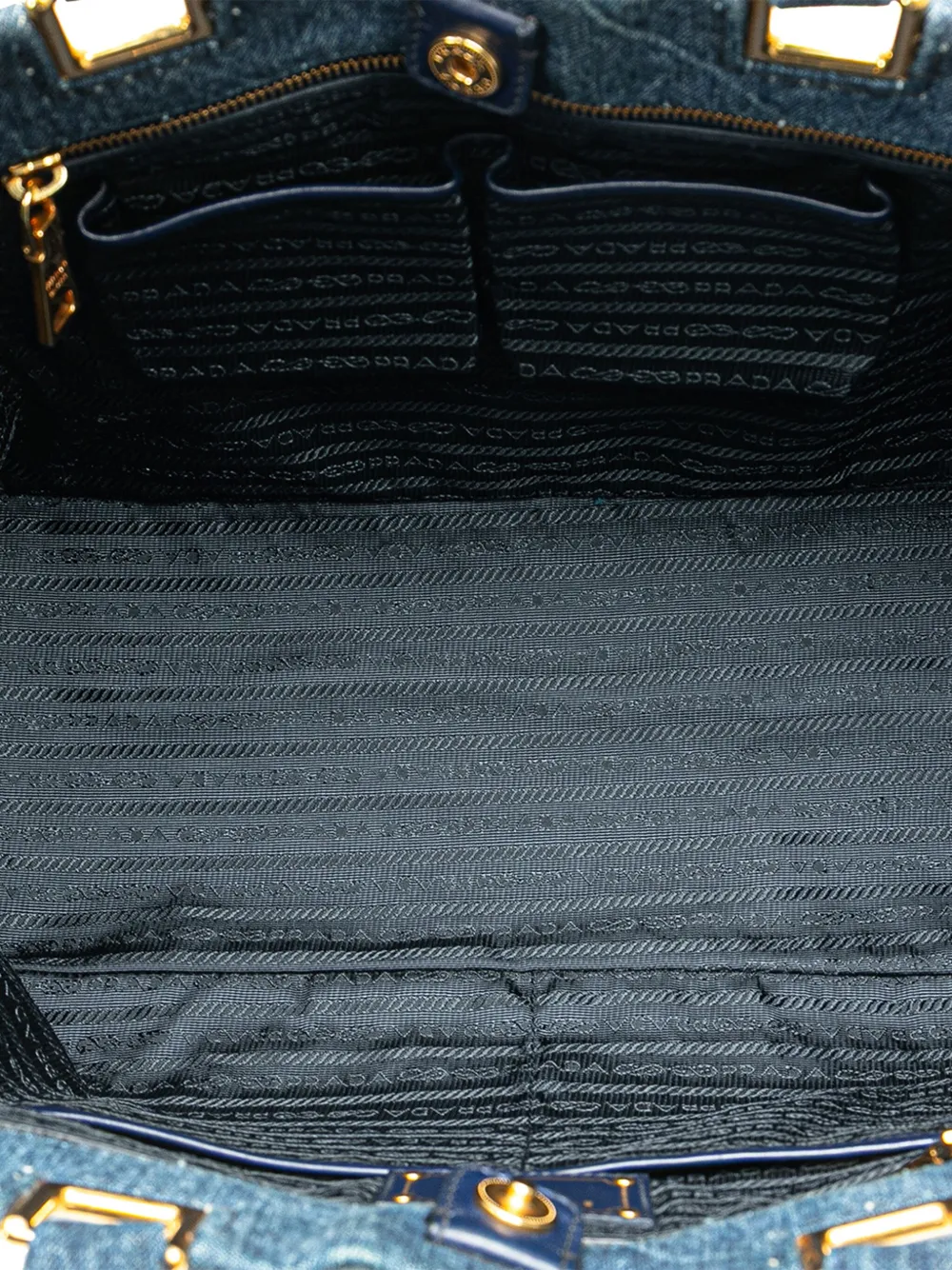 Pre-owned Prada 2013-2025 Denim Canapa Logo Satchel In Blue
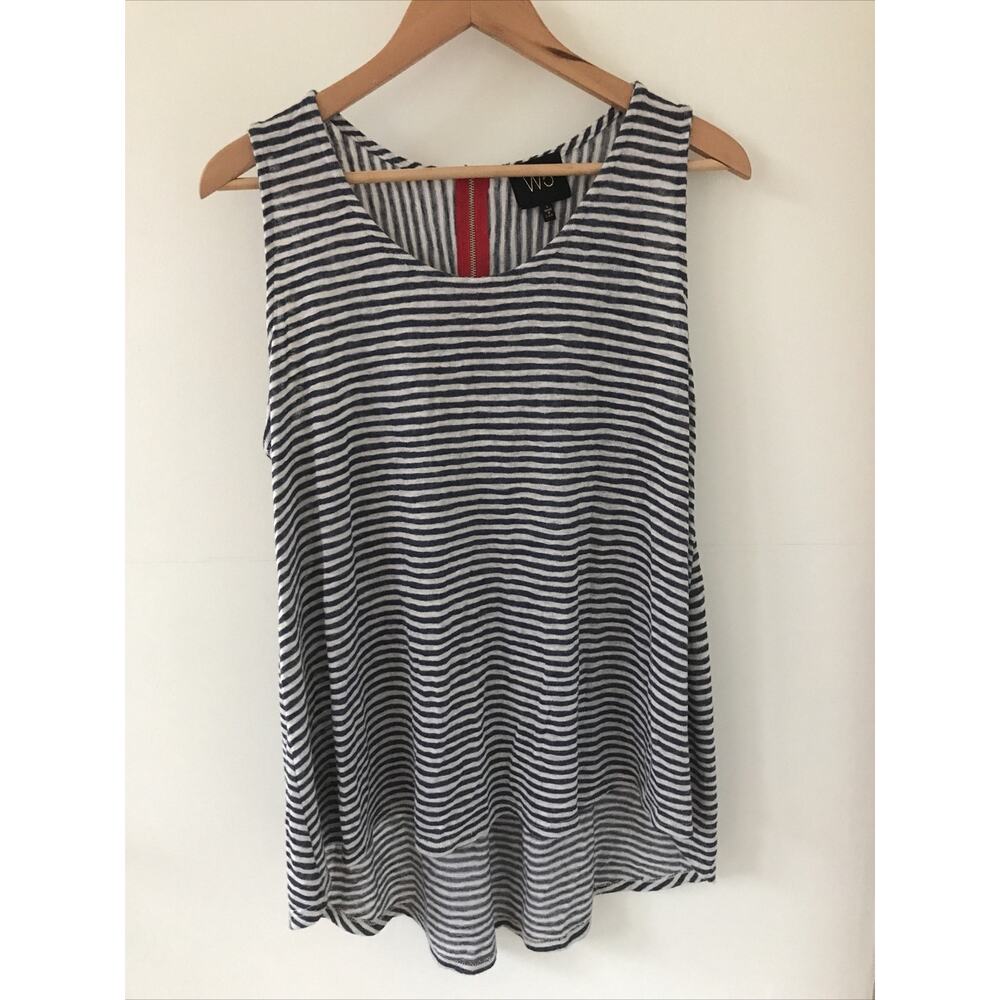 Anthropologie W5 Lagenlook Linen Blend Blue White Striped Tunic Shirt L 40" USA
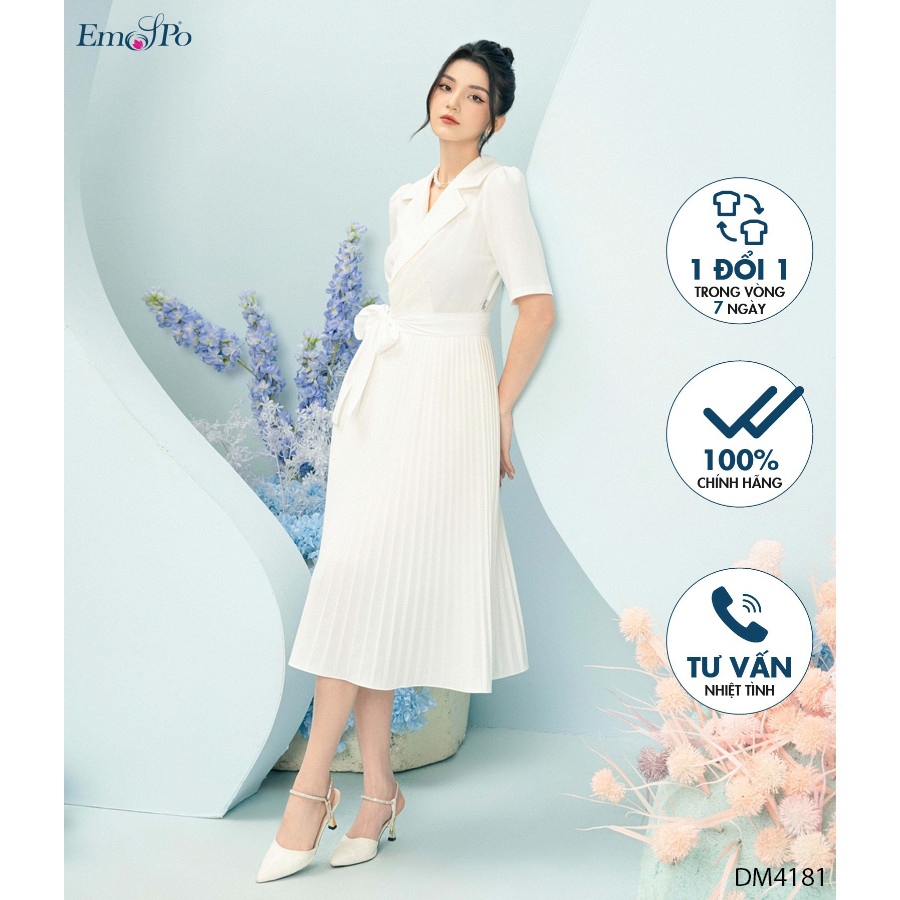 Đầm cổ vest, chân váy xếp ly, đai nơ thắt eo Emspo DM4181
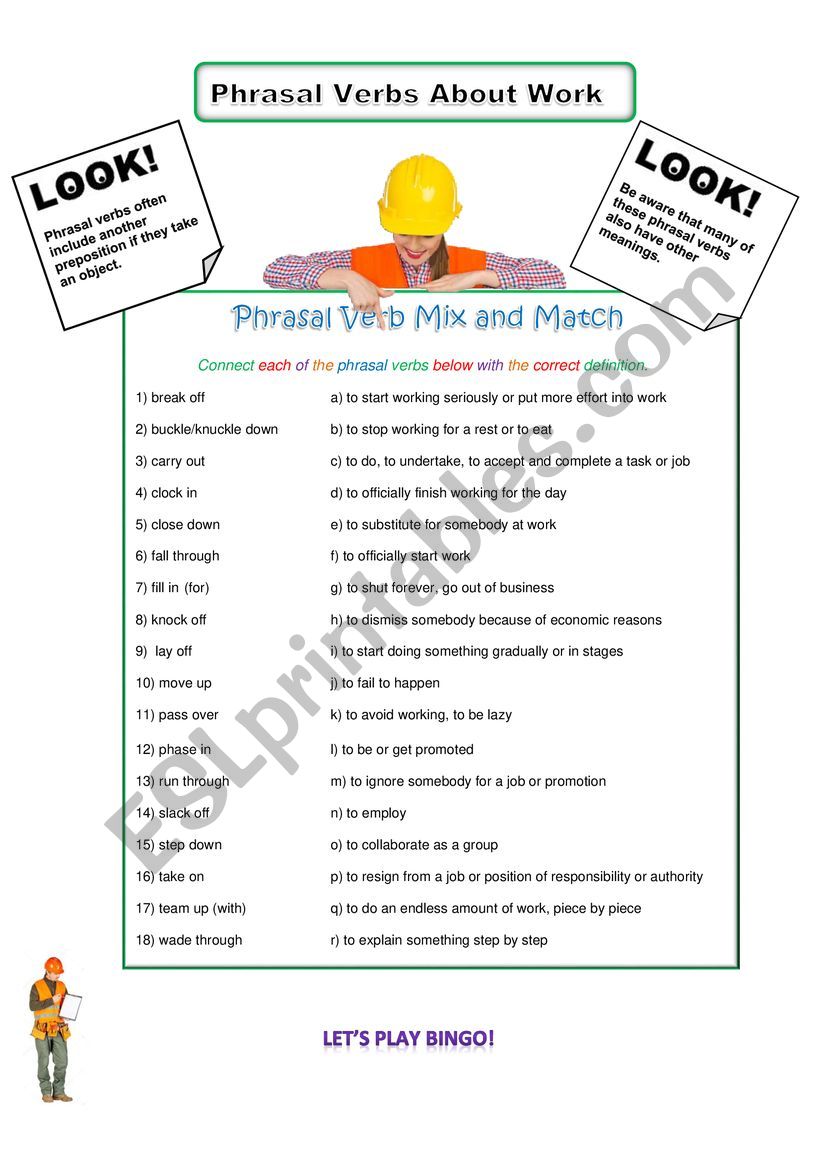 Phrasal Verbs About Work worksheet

## [WHAT YOU NEED TO DO]
A word-for-word copy of the data above is needed, one that omits the pictures.

## [SOLUTION FOR THIS EXERCISE]
 Pre-owned Prada 2013-2025 Denim Canapa Logo Satchel In Blue
 Anthropologie W5 Lagenlook Linen Blend Blue White Striped Tunic Shirt L 40" USA
 Đầm cổ vest, chân váy xếp ly, đai nơ thắt eo Emspo DM4181
 Phrasal Verbs About Work worksheet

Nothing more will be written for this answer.